■ TASK DESCRIPTION ■
In the listing below, the lines starting with the line with "Colisão as drawn by WhatsApp in 2.19.62" and going on through the line with "Kyra Santoro Instagram" are to be reproduced exactly, and only those.

■ DATA TO PROCESS ■
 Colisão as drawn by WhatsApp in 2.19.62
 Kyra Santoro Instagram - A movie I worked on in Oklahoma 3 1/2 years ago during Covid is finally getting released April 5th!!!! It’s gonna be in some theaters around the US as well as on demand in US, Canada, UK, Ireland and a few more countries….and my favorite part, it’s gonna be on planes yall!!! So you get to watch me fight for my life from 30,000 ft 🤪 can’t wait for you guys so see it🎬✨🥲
--
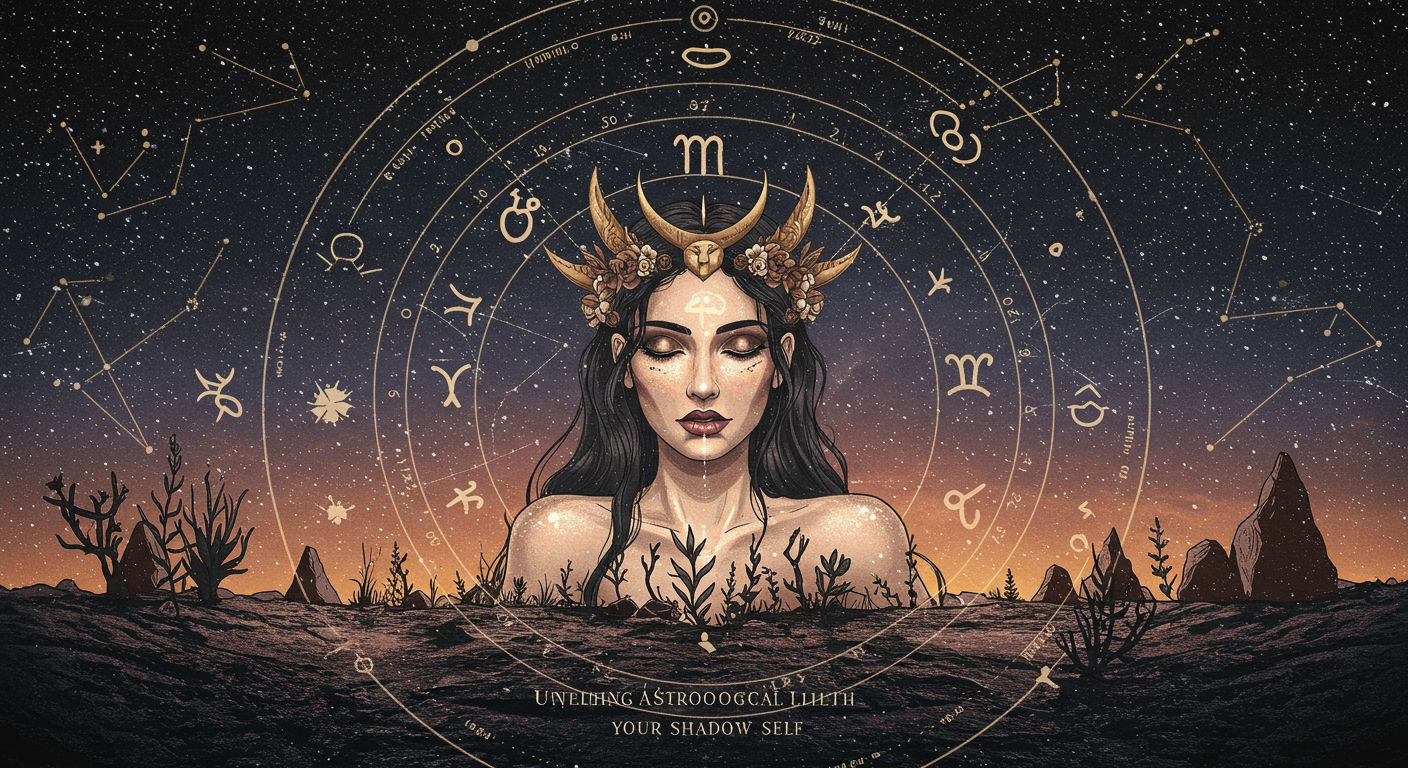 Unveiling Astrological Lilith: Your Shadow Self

■ COMPLETED TASK ■
 Colisão as drawn by WhatsApp in 2.19.62
 Kyra Santoro Instagram - A movie I worked on in Oklahoma 3 1/2 years ago during Covid is finally getting released April 5th!!!! It’s gonna be in some theaters around the US as well as on demand in US, Canada, UK, Ireland and a few more countries….and my favorite part, it’s gonna be on planes yall!!! So you get to watch me fight for my life from 30,000 ft 🤪 can’t wait for you guys so see it🎬✨🥲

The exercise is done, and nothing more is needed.